▶ [Task directions] Word for word, restate the lines of the listing below from the line with "Malbon Collegiate Golf" through the line with "iSaprio Silikónové puzdro", and do not include the pictures.

▶ [Information supplied]
- - -
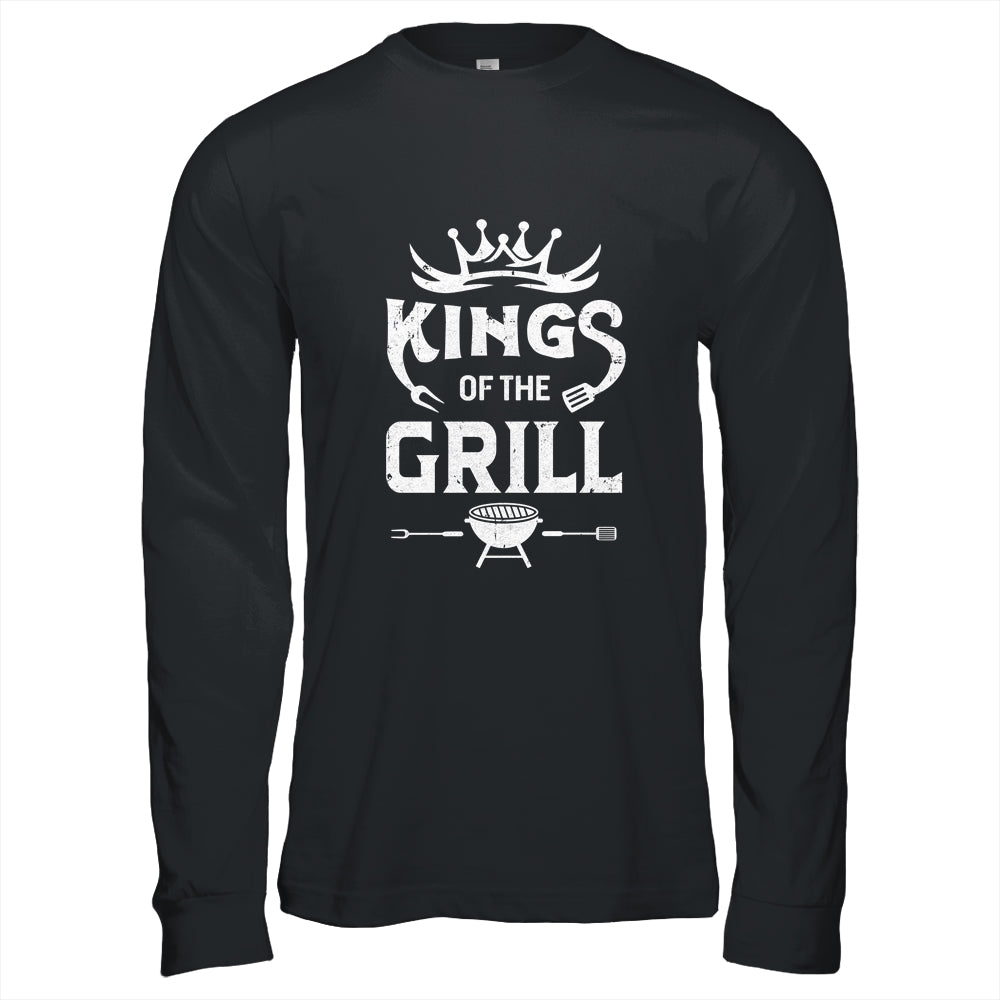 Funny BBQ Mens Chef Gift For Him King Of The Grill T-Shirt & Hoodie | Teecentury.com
- - -
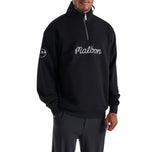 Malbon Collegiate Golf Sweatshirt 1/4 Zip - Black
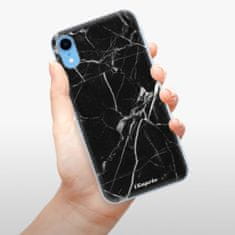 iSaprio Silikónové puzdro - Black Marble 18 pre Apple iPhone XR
- - -
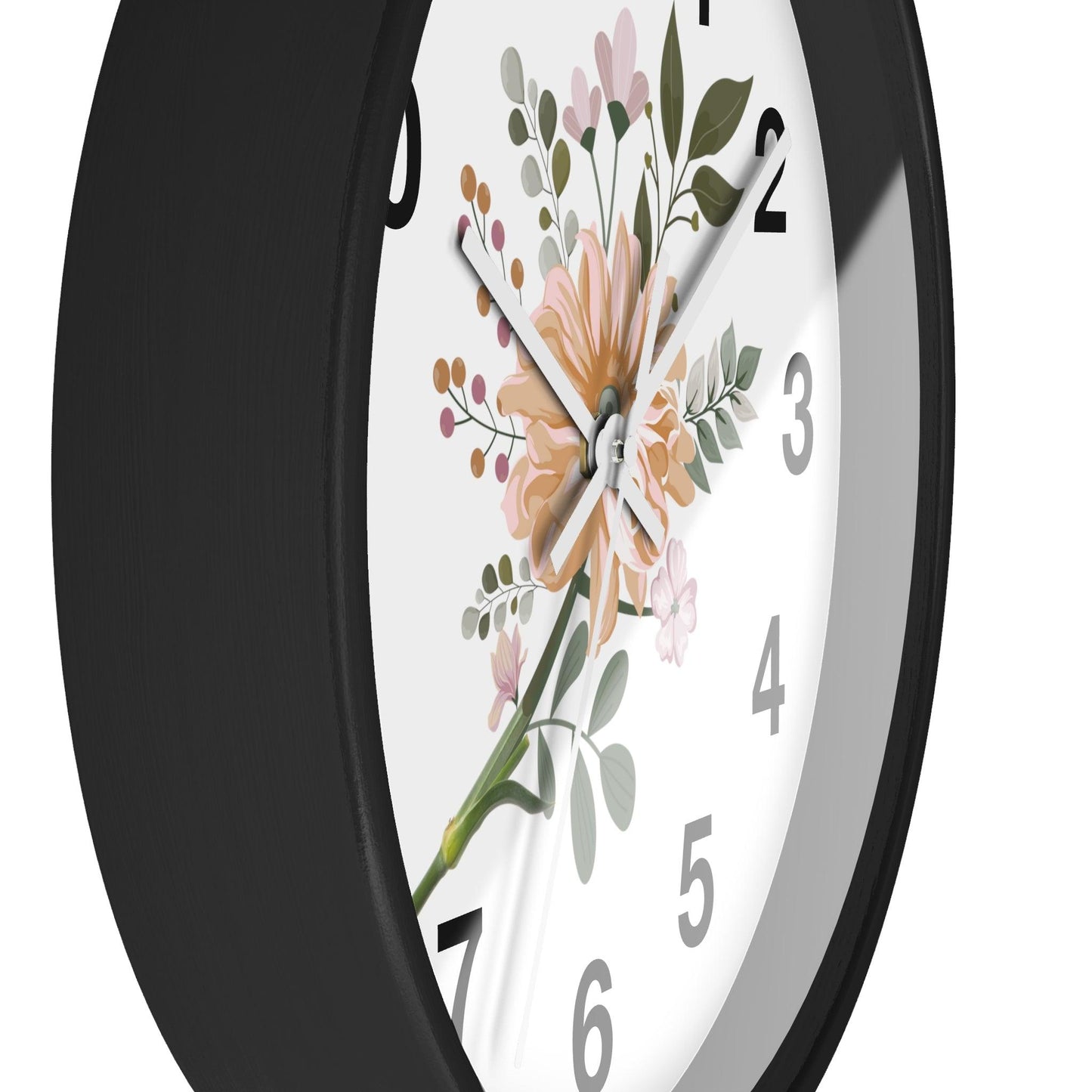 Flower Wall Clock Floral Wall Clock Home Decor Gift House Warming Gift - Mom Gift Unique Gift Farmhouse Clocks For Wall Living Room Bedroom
- - -
▶ [Task output]
 Malbon Collegiate Golf Sweatshirt 1/4 Zip - Black
 iSaprio Silikónové puzdro - Black Marble 18 pre Apple iPhone XR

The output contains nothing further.